*Provided material*

==============================

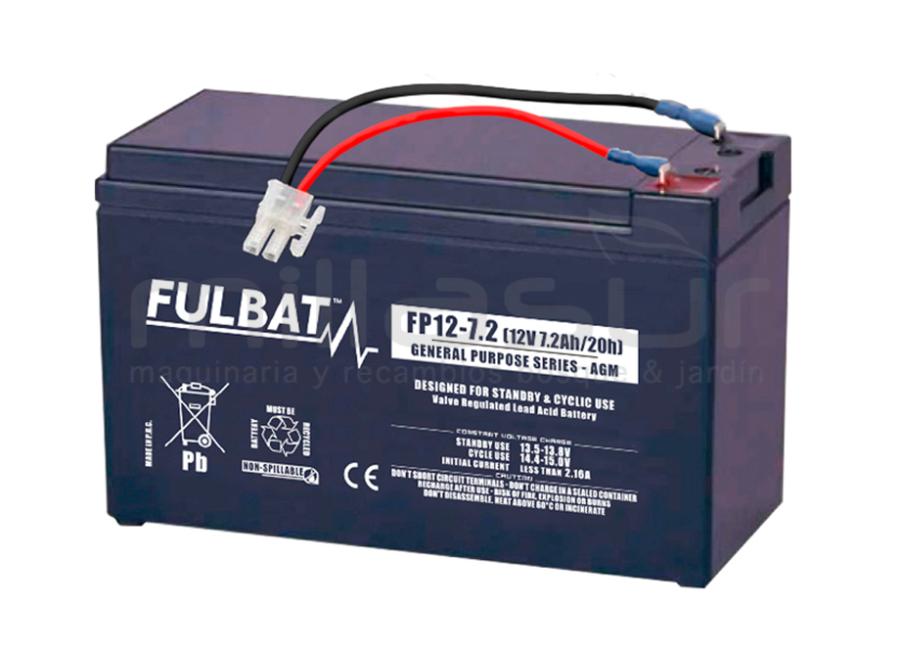 BATERIA DE CORTE 12V 7,2Ah AMG (SEALED) ROBOMOW RX12U RX20U RX20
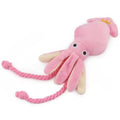 Brinquedo polvo com corda e som para cães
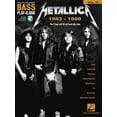 thumbnail image 1 of Hal Leonard Metallica: 1983-1988 Bass Play-Along Volume 21 Book/Audio Online, 1 of 7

==============================

*Your objective*
Return the listing above unaltered, omitting its pictures.

*Exercise solution*
 BATERIA DE CORTE 12V 7,2Ah AMG (SEALED) ROBOMOW RX12U RX20U RX20
 Brinquedo polvo com corda e som para cães
 thumbnail image 1 of Hal Leonard Metallica: 1983-1988 Bass Play-Along Volume 21 Book/Audio Online, 1 of 7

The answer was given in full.